À peu près un an plus tard, il a choisi de ne plus prendre ses médicaments (depuis plus de 20 ans)qui lui avaient quand mêm apporté cette stabilité au bout du compte. À nouveau, il y a beaucoup d'histoires qui varient sur les raisons qui l'ont réèllement poussé à faire cela. Mais une chose me parait claire puisqu'il m'en avait parlé, il voulait tenter sa chance à une vie ordinaire, sans contraintes, sans contrôles de toute sorte, composée de plaisirs simples. Cette décision est née de son amour pour Karen, de son envie d'écrire des textes plus matures, de se construire un nouveau futur. C'était une chose incroyablement épeurante et brave à faire pour un homme à la maturité fragile comme la sienne. Dave était rempli d'amour mais était rempli d'autant de craintes sans ses médicaments — La profondeur de cette tristesse infinie n'était jamais très loin et beaucoup trop facile d'accès.
L'année s'est déroulée en dents de scie. Il a eu une crise en juin puis a eu un été pénible. Quand je l'ai vu en juillet il était maigre comme le gars de 19 ans qu'il avait été dans ses premières grosses crises. L'une des dernières fois que je lui ai parlé après cela, c'était au téléphone au mois d'août, il m'a demandé de lui raconter une histoire où les choses iraient mieux. Je lui ai répété beaucoup de ce que je lui avait déjà dit dans nos dernières conversations de la dernière année. Je lui ai dit qu'il était dans une zone d'ombre terrible et dangereuse à essayer de changer à la fois sa vie d'Homme et son style d'écriture . Je lui ai rappelé que la dernière fois qu'il faisait face à ses démons, il avait plongé dans l'écriture d'un livre, devenu un chef-d'oeuvre depuis. Je lui ai dit qu'il était têtu, un control freak et quelqu'un qui croyait tout savoir. — “toi aussi de tout façon!” M'a t-il répliqué du tac au tac— et je lui ai dit que pour des gens comme nous qui ont si peur de ne plus contrôler quoi que ce soit, quelques fois le seul moyen de nous ouvrir et de nous forcer à changer les choses est de nous amener dans cette zone de misère sur la frontière de l'auto-destruction. Je lui ai rappelé qu'il avait choisit de cesser les médicaments afin d'avoir une meilleure vie, que ses meilleurs écrits étaient à venir. Il m'a dit qu'il aimait beaucoup cette histoire. Il m'a aussi demandé de l'appeller tous les 4 ou 5 jours pour lui en raconter une de même nature.
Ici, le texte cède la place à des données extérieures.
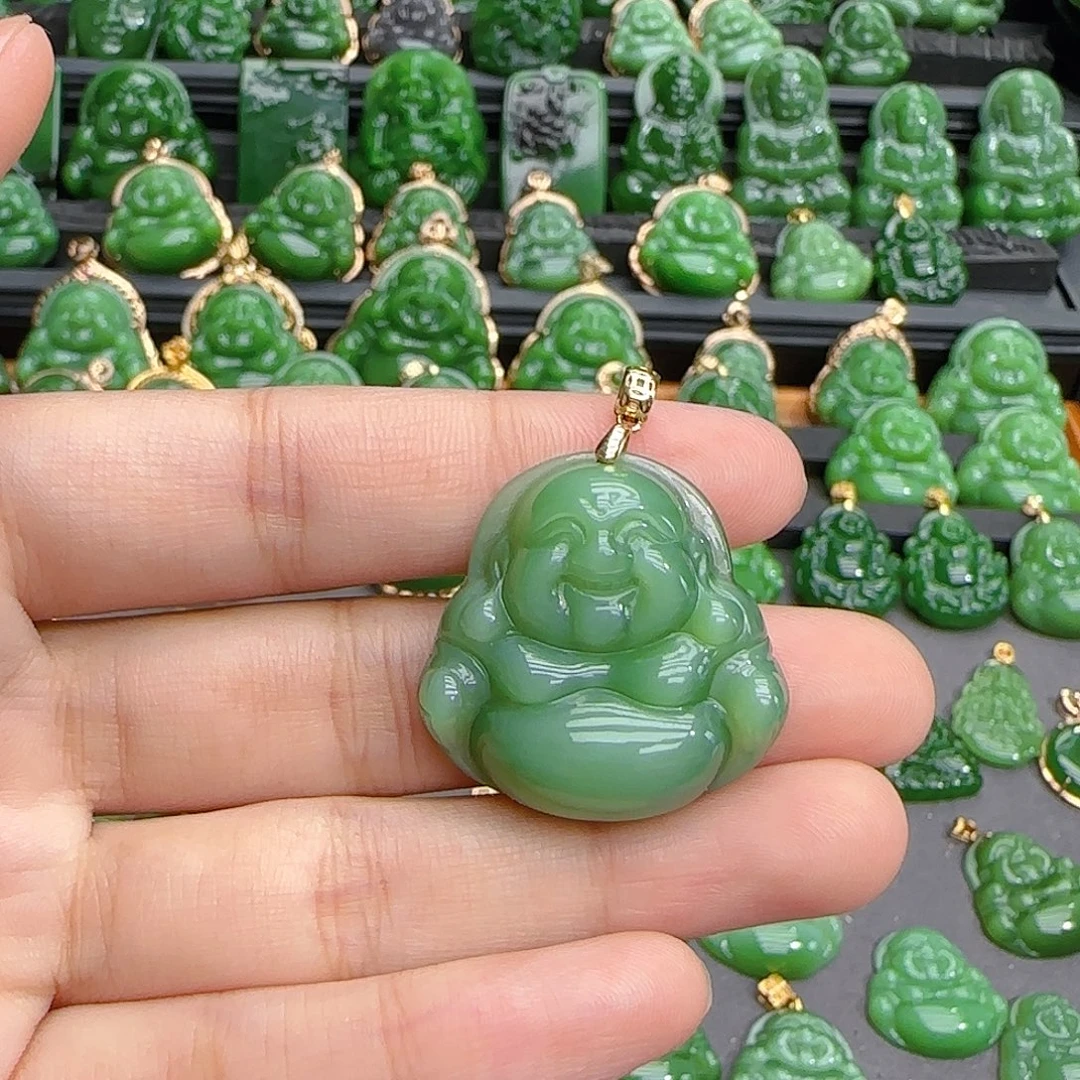 和田玉（碧玉）18K金镶嵌颈饰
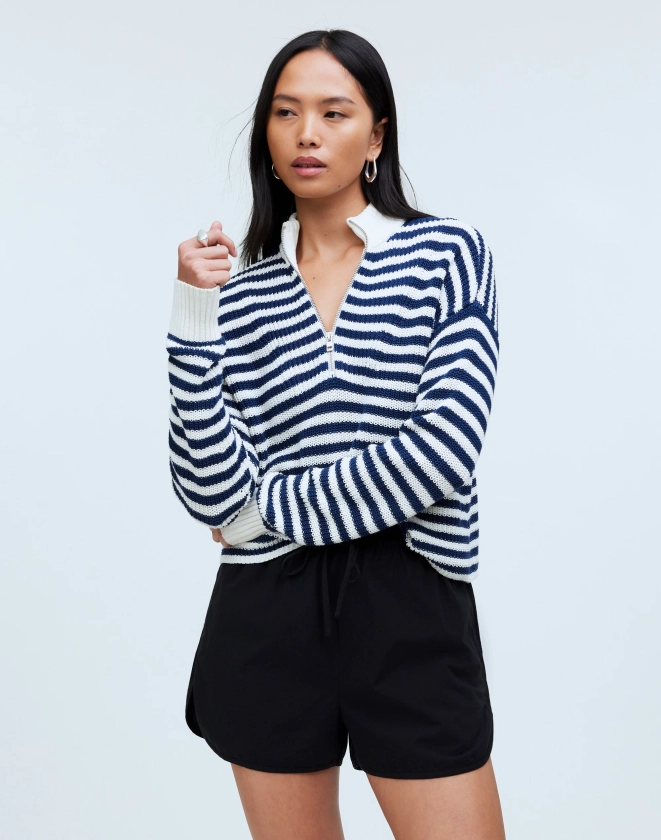 Ribbed Half-Zip Sweater in Stripe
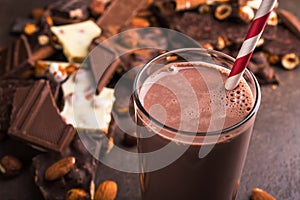 tasty chocolate drink with dessert bar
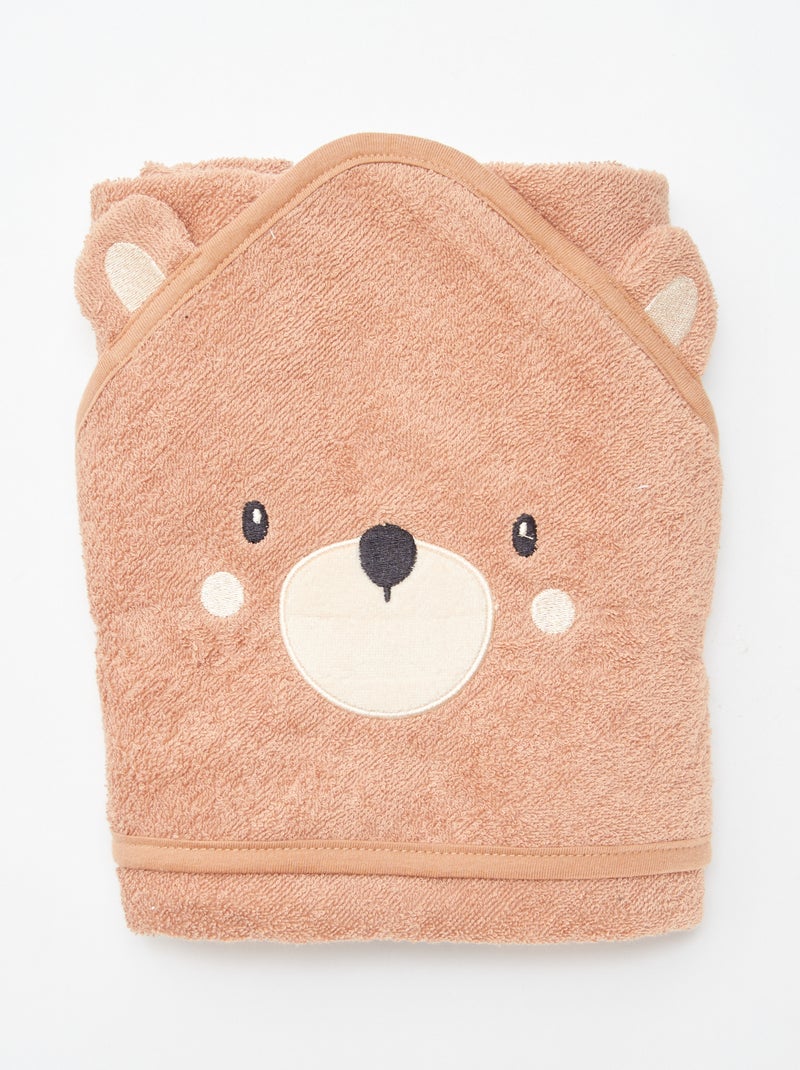 Cape de bain en éponge avec oreilles d'animaux Marron - Kiabi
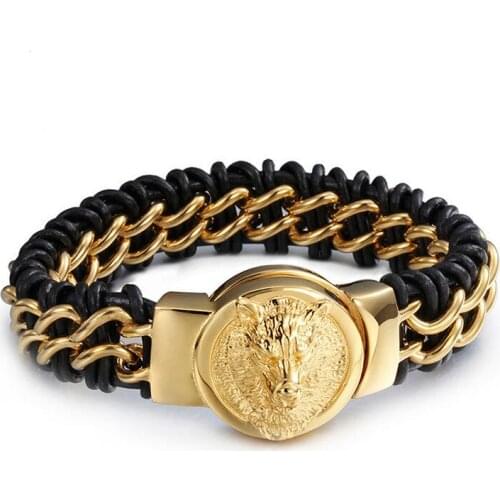 22CM *18MM Heavy Lion Wolf Head Bracelet Cool Men Genuine Leather Mens Bracelets Fashion Solid Gold Color Jewelry Wristbands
Malheureusement je n'ai eu la chance de lui en raconter qu'une seule autre histoire depuis, et cette fois-là, il ne l'entendait pas. Il souffrait horriblement de panique et d'anxiété. Les fois suivantes, il ne répondait plus au téléphone et ne retournait plus mes messages. Il était tombé dans le puits de la tristesse infinie, point final de toutes les histoires.
Mais il avait cette ardente innocence.
Et il essayait très fort.
Le Roi Pâle aurait eu 51 ans le 21 février.
*Référence et hommage à A Supposedly Fun Thing I'll Never Do Again, texte de DFW à propos d'une croisière en bateau (une expérience ressemblant à la mienne) qu'il n'avait pas du tout apprécié. DFW apparaît dans l'épisode des Simspons en arrière plan, vêtu d'un t-shirt représentant un tuxedo, ce qu'il avait osé porter lors de la soirée du capitaine.